Beginning at the line that contains "this 952×1270 image.", write out every line down to the end of the records, with both ends kept and nothing added.

- - - -

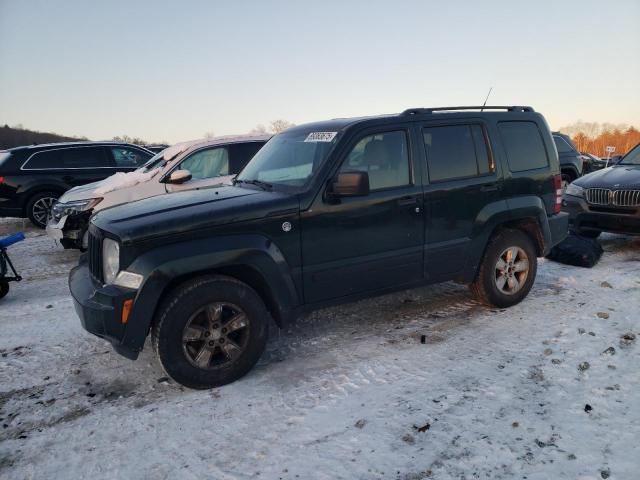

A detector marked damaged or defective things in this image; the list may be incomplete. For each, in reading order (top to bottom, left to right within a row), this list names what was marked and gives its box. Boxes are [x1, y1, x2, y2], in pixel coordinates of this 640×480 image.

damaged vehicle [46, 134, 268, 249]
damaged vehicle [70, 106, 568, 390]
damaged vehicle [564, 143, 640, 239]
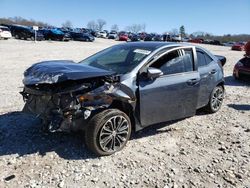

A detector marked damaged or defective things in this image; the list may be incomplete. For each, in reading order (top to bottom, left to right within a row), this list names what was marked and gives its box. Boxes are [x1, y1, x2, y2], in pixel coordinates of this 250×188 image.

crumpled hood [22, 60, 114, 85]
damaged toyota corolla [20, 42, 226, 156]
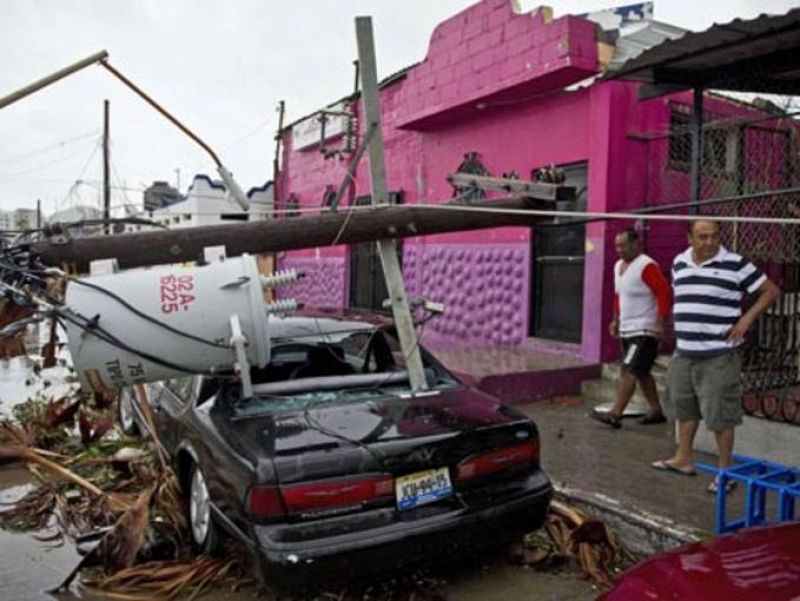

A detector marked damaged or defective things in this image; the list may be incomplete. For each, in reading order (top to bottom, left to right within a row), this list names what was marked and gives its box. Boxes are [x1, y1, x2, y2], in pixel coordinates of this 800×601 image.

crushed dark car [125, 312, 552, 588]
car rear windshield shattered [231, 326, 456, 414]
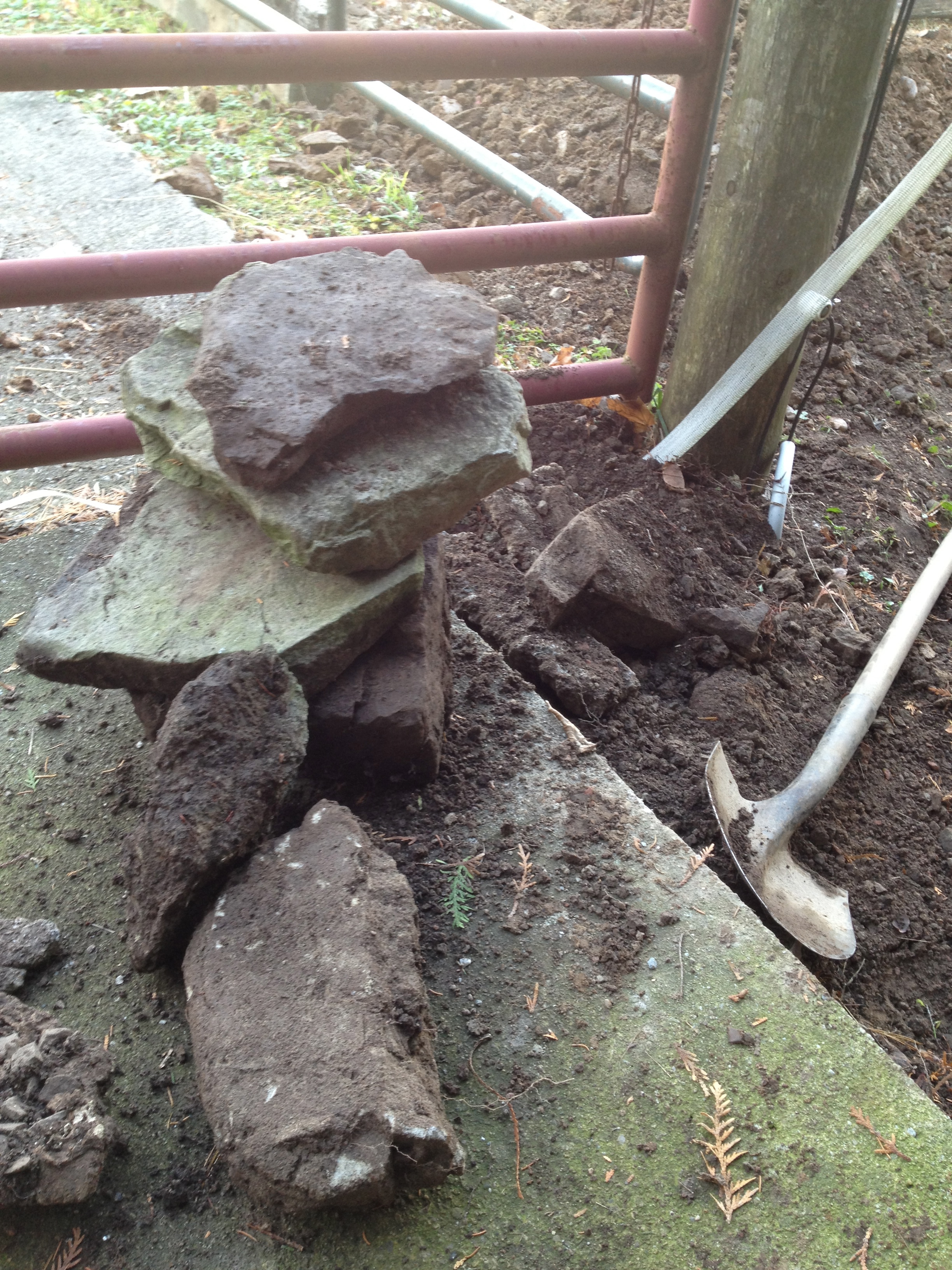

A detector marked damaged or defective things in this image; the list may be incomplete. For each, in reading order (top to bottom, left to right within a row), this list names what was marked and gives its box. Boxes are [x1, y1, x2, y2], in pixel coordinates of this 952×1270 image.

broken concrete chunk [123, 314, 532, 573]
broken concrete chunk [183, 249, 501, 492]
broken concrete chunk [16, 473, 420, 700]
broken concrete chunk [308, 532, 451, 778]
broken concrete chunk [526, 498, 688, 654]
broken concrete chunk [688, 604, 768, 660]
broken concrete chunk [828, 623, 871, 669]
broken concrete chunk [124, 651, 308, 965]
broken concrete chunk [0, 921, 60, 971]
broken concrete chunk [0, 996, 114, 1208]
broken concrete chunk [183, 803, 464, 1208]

- - - -

Finished exercise:
A detector marked damaged or defective things in this image; the list may be incomplete. For each, in reading order (top to bottom, left to right within a row), this list names what was marked and gives its box. Boxes are [x1, y1, x2, y2], in pixel coordinates of this 952×1270 image.

broken concrete chunk [123, 314, 532, 573]
broken concrete chunk [183, 249, 501, 492]
broken concrete chunk [16, 473, 420, 700]
broken concrete chunk [308, 532, 451, 778]
broken concrete chunk [526, 498, 688, 654]
broken concrete chunk [688, 604, 768, 660]
broken concrete chunk [828, 623, 871, 669]
broken concrete chunk [124, 651, 308, 965]
broken concrete chunk [0, 921, 60, 971]
broken concrete chunk [0, 996, 114, 1208]
broken concrete chunk [183, 803, 464, 1208]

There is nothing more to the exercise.